GPT-3 can already turn com­ments into code. We don’t ex­pect the re­verse case to be fun­da­men­tally harder, and neu­ral nets can be in­ter­preted as just an­other pro­gram­ming lan­guage.

Micro­scope AI has had some suc­cess in in­ter­pret­ing large NN’s. Th­ese are NN’s that should be much harder to in­ter­pret than mod­u­lar NN’s that we would be in­ter­pret­ing.

Tech­ni­cal Ques­tions:

First ques­tion: Ca­pa­bil­ities will likely be lost by adding a mod­u­lar­ity loss term. Can we spot-check ca­pa­bil­ity of GPT by look­ing at the loss of the origi­nal loss terms? Or would we need to run it through NLP met­rics (like Wino­grad Schema Challenge ques­tions)?

To cre­ate a mod­u­lar GPT, we have two paths, but I’m un­sure of which is bet­ter.

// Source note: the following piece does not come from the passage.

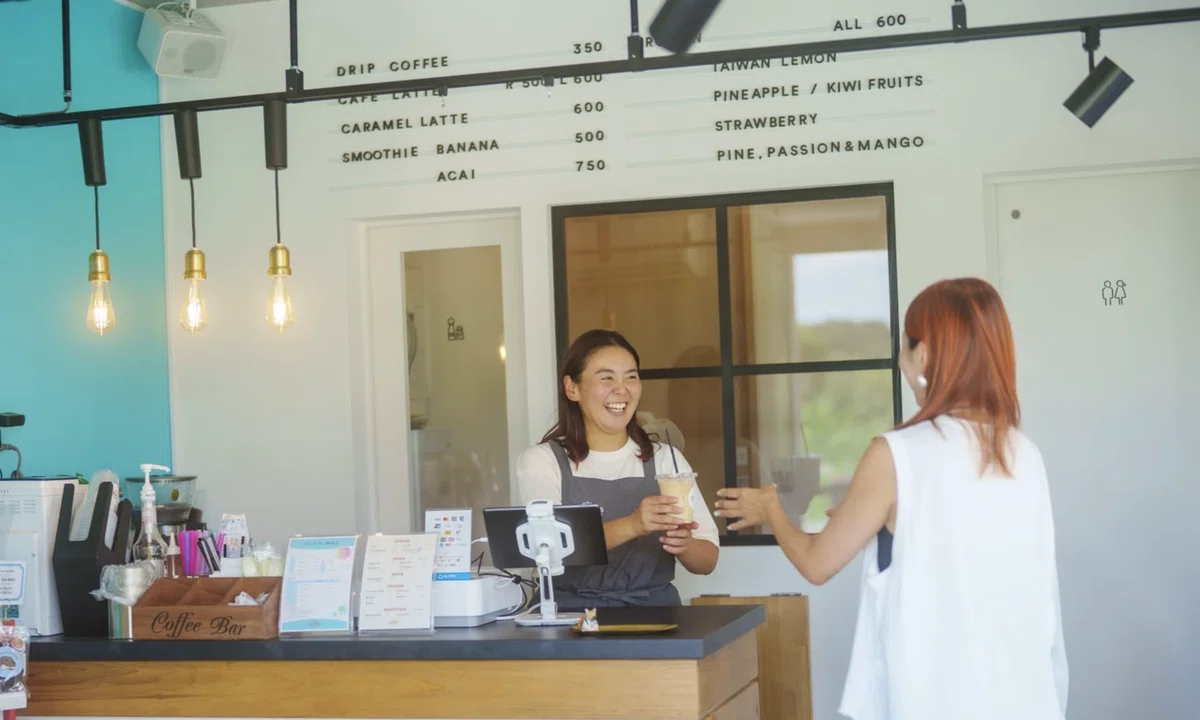 the SCAMPSドッグパーク併設カフェの店内で、スタッフが笑顔でドリンクを手渡している様子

  1. Train from scratch with mod­ified loss

  2. Train OpenAI’s gpt-2 on more data, but with added loss term. The in­tu­ition here is that it’s already ca­pa­ble, so op­ti­miz­ing for mod­u­lar­ity start­ing here will pre­serve ca­pa­bil­ities.

Help Wanted

If you are in­ter­ested in the in­ter­pretabil­ity of GPT (even un­re­lated to our pro­ject), I can add you to a dis­cord server full of GPT en­thu­si­asts (just DM me). If you’re in­ter­ested in helping out our pro­ject speci­fi­cally, DM me and we’ll figure out a way to divvy up tasks.

Ap­pendix A

Go­mory-Hu Tree Con­tains Rele­vant In­for­ma­tion on Modularity

Some read­ily ac­cessible in­sights:

  1. The size of the min­i­mum cut be­tween two neu­rons can be used to mea­sure the size of the in­ter­face be­tween their mod­ules.

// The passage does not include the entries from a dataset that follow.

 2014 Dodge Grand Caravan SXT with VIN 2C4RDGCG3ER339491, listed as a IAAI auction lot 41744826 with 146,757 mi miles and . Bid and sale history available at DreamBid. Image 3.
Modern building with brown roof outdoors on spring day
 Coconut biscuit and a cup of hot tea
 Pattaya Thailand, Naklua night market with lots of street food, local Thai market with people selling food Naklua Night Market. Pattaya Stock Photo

  2. Call two graphs G and G’ on the same ver­tices equiv­a­lent if for ev­ery two u,v, the sizes of their min­i­mum cuts are the same in G and G’. It turns out that there always ex­ists a G’ which is a tree! (The Go­mory-Hu tree.)

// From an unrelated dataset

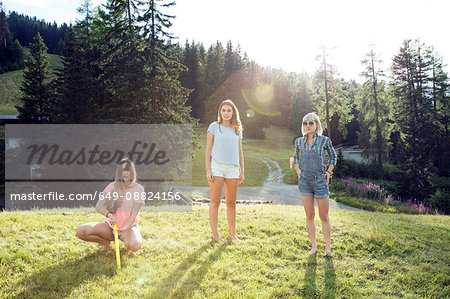 Portrait of three adult female friends standing and crouching in field, Sattelbergalm, Tirol, Austria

  3. It turns out that the min­i­mum cut be­tween two neu­rons within a mod­ule never needs to ex­pose the in­nards of an­other mod­ule.

There­fore, the Go­mory-Hu tree prob­a­bly con­tains all the in­for­ma­tion needed to calcu­late the loss term and the hi­er­ar­chy of soft­ware mod­ules.